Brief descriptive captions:
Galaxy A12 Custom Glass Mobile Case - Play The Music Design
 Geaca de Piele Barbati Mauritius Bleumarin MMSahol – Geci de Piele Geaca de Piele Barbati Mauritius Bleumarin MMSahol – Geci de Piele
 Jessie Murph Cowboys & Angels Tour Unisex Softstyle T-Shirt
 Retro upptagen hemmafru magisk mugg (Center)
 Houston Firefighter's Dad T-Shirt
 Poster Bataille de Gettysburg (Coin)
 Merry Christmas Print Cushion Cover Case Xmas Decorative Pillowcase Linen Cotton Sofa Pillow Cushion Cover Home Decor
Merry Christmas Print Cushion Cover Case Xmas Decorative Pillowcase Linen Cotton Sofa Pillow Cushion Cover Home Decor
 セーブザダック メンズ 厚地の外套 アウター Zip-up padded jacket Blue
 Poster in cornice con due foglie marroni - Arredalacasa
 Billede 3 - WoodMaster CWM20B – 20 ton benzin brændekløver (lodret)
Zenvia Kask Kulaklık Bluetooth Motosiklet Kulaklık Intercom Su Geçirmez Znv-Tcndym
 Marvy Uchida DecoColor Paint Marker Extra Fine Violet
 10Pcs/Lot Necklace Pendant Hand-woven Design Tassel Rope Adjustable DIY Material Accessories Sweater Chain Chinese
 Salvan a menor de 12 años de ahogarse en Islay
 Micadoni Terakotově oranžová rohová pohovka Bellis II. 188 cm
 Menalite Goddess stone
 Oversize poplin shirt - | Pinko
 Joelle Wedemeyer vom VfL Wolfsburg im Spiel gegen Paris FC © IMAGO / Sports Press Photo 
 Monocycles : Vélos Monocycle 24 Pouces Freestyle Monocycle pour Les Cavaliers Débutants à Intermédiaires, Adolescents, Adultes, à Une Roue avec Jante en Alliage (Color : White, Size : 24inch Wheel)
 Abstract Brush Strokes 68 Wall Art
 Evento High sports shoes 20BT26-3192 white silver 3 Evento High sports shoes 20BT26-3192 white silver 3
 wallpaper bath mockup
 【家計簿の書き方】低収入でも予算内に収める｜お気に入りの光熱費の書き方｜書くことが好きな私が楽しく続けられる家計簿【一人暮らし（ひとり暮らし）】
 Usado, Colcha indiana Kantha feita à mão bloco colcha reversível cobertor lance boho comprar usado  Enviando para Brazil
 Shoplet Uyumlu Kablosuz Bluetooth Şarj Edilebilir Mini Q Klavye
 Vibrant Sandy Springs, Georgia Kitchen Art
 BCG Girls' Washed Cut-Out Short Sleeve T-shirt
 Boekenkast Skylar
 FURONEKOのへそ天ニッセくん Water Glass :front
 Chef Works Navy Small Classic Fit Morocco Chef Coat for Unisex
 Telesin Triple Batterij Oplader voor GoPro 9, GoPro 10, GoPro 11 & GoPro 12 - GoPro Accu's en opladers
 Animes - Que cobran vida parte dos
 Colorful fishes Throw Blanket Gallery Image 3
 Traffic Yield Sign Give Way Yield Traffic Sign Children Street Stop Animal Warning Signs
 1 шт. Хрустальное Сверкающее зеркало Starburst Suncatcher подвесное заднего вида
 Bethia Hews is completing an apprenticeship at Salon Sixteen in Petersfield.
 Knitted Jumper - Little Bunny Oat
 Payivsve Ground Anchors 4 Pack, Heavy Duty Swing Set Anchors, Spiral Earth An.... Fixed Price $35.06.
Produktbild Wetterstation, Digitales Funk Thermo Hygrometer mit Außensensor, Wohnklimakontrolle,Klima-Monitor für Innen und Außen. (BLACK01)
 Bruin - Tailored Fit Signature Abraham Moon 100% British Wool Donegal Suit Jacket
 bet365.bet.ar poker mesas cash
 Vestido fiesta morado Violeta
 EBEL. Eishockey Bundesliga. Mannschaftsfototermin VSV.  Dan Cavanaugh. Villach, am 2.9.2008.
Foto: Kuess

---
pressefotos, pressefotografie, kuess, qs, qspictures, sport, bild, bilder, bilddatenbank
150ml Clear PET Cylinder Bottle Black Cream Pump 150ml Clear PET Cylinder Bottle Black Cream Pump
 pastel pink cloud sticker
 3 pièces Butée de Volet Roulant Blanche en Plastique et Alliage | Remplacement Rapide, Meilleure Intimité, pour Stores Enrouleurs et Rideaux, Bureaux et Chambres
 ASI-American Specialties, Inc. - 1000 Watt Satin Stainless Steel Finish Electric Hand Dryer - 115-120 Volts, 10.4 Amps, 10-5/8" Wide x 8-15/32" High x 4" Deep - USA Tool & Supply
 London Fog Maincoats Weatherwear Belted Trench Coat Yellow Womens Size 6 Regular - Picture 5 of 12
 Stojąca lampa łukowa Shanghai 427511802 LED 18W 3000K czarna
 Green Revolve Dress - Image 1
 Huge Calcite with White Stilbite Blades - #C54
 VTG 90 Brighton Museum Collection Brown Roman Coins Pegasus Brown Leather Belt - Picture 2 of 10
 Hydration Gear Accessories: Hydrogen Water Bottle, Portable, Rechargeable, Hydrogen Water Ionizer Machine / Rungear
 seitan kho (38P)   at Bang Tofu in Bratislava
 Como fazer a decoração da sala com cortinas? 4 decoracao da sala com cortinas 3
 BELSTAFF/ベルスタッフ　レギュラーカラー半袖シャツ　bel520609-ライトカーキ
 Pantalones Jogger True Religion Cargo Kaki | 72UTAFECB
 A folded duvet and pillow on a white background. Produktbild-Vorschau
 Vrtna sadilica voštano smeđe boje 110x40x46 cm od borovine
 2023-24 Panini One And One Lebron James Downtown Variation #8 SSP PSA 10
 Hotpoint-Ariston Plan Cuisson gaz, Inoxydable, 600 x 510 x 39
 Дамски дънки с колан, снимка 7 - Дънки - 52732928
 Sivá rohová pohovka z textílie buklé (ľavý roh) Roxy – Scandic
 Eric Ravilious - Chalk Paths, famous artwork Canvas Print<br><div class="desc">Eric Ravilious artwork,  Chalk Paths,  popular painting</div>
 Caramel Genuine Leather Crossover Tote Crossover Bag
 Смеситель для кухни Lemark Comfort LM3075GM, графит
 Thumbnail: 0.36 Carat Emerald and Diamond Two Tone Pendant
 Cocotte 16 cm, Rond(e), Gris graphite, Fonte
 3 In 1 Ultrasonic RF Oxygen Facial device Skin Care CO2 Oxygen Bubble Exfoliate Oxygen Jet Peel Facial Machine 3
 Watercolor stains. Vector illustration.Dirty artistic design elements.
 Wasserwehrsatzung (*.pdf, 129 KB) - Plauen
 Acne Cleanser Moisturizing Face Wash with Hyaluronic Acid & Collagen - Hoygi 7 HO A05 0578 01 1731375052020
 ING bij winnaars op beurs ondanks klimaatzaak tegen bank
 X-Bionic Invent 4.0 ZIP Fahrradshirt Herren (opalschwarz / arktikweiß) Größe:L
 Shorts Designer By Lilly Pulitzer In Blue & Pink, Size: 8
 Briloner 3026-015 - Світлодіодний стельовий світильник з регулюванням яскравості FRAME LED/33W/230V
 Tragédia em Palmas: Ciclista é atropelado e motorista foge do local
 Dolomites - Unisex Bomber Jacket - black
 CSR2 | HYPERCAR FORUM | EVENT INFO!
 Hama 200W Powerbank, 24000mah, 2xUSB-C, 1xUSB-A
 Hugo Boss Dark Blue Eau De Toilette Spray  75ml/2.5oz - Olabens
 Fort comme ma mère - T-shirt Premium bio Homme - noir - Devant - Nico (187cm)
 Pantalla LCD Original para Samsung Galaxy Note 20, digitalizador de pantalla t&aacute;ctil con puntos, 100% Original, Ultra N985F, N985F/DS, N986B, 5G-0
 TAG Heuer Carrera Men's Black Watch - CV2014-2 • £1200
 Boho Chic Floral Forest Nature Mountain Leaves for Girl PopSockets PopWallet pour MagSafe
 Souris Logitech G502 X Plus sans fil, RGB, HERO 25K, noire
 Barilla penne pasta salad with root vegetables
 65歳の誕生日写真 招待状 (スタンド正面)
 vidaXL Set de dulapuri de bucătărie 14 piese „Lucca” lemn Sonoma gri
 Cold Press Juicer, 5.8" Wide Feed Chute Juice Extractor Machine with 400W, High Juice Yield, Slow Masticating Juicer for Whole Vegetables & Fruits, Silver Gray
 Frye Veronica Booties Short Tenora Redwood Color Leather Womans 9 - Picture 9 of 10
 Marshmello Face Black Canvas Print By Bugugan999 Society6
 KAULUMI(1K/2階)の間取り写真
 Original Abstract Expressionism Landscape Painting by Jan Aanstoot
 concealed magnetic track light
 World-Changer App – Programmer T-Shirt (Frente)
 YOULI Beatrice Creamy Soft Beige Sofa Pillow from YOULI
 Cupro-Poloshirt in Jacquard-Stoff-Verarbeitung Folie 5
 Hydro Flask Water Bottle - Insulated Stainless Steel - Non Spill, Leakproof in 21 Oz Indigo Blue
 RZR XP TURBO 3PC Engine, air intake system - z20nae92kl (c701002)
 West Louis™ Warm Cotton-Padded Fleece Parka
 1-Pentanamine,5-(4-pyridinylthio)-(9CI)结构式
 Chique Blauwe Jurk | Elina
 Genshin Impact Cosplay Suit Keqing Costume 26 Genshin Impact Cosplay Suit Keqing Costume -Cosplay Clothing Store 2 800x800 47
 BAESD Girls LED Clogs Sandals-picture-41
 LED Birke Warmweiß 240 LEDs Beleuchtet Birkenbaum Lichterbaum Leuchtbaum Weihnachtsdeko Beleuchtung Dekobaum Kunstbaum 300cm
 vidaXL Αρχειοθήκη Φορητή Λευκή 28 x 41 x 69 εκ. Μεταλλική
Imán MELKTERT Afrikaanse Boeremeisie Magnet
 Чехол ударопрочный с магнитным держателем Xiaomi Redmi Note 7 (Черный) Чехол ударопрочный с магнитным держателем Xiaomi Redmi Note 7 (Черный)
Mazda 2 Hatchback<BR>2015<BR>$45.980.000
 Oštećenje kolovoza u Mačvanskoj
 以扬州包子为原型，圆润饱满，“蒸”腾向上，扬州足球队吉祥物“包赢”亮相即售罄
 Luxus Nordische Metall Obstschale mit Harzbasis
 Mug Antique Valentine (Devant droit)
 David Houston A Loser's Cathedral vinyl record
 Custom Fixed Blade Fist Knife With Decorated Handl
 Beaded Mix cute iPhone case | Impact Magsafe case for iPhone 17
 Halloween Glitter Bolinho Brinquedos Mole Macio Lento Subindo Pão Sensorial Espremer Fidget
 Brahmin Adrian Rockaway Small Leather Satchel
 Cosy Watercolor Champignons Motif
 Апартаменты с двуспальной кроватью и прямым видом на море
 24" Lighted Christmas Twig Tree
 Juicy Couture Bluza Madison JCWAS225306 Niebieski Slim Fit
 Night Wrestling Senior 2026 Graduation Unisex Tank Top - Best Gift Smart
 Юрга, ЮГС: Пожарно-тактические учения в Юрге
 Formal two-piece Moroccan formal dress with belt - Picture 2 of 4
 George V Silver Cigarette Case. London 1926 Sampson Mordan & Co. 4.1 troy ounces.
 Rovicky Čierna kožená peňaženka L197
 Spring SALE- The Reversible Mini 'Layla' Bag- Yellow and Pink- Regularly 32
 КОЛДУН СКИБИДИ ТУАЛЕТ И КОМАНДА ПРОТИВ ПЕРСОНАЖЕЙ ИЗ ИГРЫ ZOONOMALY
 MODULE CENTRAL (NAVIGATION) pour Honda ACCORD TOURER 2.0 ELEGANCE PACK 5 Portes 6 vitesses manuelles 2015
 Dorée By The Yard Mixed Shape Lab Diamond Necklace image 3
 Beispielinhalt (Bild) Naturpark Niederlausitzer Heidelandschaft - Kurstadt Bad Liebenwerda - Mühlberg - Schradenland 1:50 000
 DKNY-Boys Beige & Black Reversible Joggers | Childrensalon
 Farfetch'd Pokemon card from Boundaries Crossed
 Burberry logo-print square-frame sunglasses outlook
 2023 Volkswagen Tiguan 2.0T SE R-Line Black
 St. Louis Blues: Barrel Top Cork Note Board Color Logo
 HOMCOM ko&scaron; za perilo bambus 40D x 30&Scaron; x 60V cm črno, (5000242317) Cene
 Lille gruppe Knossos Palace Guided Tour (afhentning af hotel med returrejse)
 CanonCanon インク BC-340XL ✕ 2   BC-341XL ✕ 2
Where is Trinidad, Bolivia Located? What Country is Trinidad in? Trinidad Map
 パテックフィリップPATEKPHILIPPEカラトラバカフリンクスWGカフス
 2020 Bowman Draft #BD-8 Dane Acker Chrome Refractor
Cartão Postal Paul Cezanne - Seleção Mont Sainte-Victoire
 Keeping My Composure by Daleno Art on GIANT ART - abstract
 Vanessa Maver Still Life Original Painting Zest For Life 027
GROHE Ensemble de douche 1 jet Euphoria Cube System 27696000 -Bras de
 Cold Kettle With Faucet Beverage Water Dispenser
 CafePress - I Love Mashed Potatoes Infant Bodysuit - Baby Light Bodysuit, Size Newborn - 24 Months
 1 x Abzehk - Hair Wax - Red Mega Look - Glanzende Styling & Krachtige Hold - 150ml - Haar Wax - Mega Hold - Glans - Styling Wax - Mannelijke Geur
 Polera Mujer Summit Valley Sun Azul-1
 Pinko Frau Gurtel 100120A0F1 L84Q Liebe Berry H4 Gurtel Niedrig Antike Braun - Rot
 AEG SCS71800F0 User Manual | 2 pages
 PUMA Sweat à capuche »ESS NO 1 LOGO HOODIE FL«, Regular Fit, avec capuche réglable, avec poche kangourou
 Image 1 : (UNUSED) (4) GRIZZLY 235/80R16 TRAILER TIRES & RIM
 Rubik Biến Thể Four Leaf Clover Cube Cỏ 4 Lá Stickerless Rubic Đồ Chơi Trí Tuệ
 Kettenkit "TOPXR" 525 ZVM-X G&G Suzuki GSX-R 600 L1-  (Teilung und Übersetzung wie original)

What you are asked to do: Count every line above that includes the string "Reversible", and answer with the count only.

Solution to the exercise: 2